Stemming from Darden’s tradition of providing a holistic perspective to business problems, the faculty create an integrated curriculum, which includes co-teaching several case studies to bring home the various perspectives of business problems.
In addition to the Western European residency in Paris and Berlin, GEMBA participants over 21 months also complete two-week residencies in China (Shanghai and Beijing), India (Mumbai and Delhi), Brazil (Sao Paulo and Rio de Janeiro) and the U.S. (Charlottesville and San Francisco Bay Area), with distance learning using innovative technologies in between.
Starting in 2016, the U.S. residency will include a new one-week module in the San Francisco Bay Area. For their final spring residency, students will head to the heart of technological innovation in the U.S. for meetings with LinkedIn, Facebook and Uber, among others.
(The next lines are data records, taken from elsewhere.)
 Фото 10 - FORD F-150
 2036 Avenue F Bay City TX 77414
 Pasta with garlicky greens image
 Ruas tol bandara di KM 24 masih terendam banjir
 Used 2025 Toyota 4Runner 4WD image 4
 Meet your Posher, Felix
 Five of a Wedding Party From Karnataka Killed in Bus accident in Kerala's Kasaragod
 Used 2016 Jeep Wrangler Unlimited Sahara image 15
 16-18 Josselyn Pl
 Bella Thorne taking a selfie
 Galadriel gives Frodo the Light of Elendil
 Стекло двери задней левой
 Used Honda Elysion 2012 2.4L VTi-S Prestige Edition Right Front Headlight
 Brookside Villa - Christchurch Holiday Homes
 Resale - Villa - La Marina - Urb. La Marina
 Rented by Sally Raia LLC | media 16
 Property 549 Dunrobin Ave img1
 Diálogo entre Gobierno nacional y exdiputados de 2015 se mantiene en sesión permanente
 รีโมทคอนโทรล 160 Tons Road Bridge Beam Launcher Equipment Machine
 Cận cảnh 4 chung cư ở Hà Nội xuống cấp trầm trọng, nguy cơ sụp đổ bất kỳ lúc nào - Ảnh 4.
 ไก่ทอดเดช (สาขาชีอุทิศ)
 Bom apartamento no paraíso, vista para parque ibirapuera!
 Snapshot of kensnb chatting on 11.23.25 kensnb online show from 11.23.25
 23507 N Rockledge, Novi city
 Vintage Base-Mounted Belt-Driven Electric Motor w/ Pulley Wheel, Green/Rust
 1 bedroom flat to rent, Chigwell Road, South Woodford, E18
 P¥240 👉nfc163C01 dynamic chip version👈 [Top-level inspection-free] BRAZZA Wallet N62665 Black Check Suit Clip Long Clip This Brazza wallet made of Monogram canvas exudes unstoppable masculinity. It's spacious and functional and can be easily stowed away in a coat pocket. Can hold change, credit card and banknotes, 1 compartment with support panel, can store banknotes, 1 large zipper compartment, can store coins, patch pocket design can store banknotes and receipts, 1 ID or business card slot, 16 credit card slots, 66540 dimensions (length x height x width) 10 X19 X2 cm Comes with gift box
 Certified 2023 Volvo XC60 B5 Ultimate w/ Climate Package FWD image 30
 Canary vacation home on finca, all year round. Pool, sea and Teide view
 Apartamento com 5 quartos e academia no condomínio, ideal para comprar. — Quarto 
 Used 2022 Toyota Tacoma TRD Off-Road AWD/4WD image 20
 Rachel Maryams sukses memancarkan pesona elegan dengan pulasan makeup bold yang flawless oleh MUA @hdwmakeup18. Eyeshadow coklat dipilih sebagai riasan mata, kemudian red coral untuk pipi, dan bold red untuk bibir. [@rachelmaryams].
“This model of studying cases about companies, then engaging with the leaders of those companies or others in the same sector on the ground in six distinctive regions around the world, is a hallmark of the Darden GEMBA format,” said Allayannis. “We go and we see, and this approach leads to an unparalleled depth of learning and preparation for global leadership and impact.”
The University of Virginia Darden School of Business delivers the world’s best business education experience to prepare entrepreneurial, global and responsible leaders through its MBA, Ph.D., MSBA and Executive Education programs. Darden’s top-ranked faculty is renowned for teaching excellence and advances practical business knowledge through research. Darden was established in 1955 at the University of Virginia, a top public university founded by Thomas Jefferson in 1819 in Charlottesville, Virginia.